Sólo hay un momento que esta tensión parece ceder. Durante su viaje a NY descubrieron al dibujante de la primera mitad de siglo XX Rube Goldberg, conocido por sus animaciones y por los imposibles y absurdos inventos del Professor Lucifer Gorgonzola Butts, que luego servirían de inspiración a Los grandes inventos del TBO español. Esos cuadros, mucho más simples y esquemáticos, fueron mostrados en Madrid en 1988 y su precio de venta oscilaba entre las 140.000 y las 420.000 pesetas. Que no estaba nada mal para la época y su aún corta trayectoria.
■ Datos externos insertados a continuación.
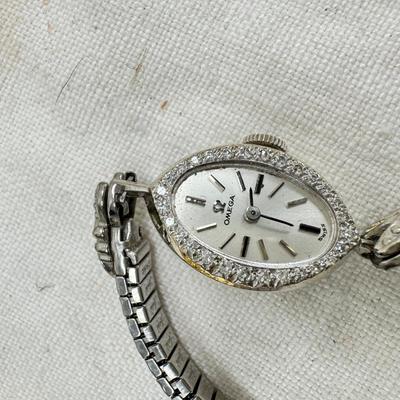 Sale Photo Thumbnail #185: All watches are from one collection, none of them are running assume all need new batteries or maybe other work. 1 Vintage non working pocket watch. Cuff watches, some stones and crystal. Watch bands.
Su trabajo, tras la disolución de Estrujenbank, siguió esos derroteros híperdinámicos hasta el final, con excepción de sus últimos papeles palentinos, mucho más económicos en motivos, más controlados en la mano. A Palencia había acudido para desintoxicarse de la heroína y allí se quedó, al final en una situación económica complicada. Pero no había dejado de exponer, sobre todo en Masha Prieto que la siguió apoyando hasta el final. Su última exposición individual fue en 2004.

Ni maldita ni pobrecita

Se ha escrito y dicho que con esta exposición se le hace justicia, se reconoce a una artista maldita. El caso es que Patricia Gadea ni fue una artista maldita ni necesita que se la haga justicia. Era y es más que recordada, más que respetada, más que valorada. La circunstancia de que el Reina Sofía le dedique una exposición monográfica ahora, en vez de antes o después es circunstancial, lo importante es que haga bien. Todo esto lo sabe muy bien la comisaria Virginia Torrente y puede decirse que, como tal exposición, su mayor valor es una excelente selección de obras, además de un buen catálogo. El montaje, sin embargo, es casi clásico, todo muy enrasado y regular. Ese tratamiento casi clínico no acaba de encajar bien con la efervescencia de la obra.

Pero acabemos en subida. La serie Circo, de principios de los 90 y que origina el título de esta exposición Atomic Circus, surgió de un viaje a San Sebastián donde Gadea tuvo la idea de arrancar de las tapias posters de circo. Este material sirvió después como fondo a veces, otras como motivo. Y es una serie fantástica en la que se concentran casi todos los temas que Gadea había tratado antes o trataría después. Sobre todo, hay que decirlo, la política a nivel local y mundial, de forma muy irónica y poco panfletaria. Además, son sus obras más complejas en lo formal y de tal potencia que motivos como el del Payaso la acompañarían ya toda su vida. La vida de una mujer-fuerza que al final sucumbió a sus propios fantasmas pero habiendo dejado mucho detrás. Esta exposición, por ejemplo.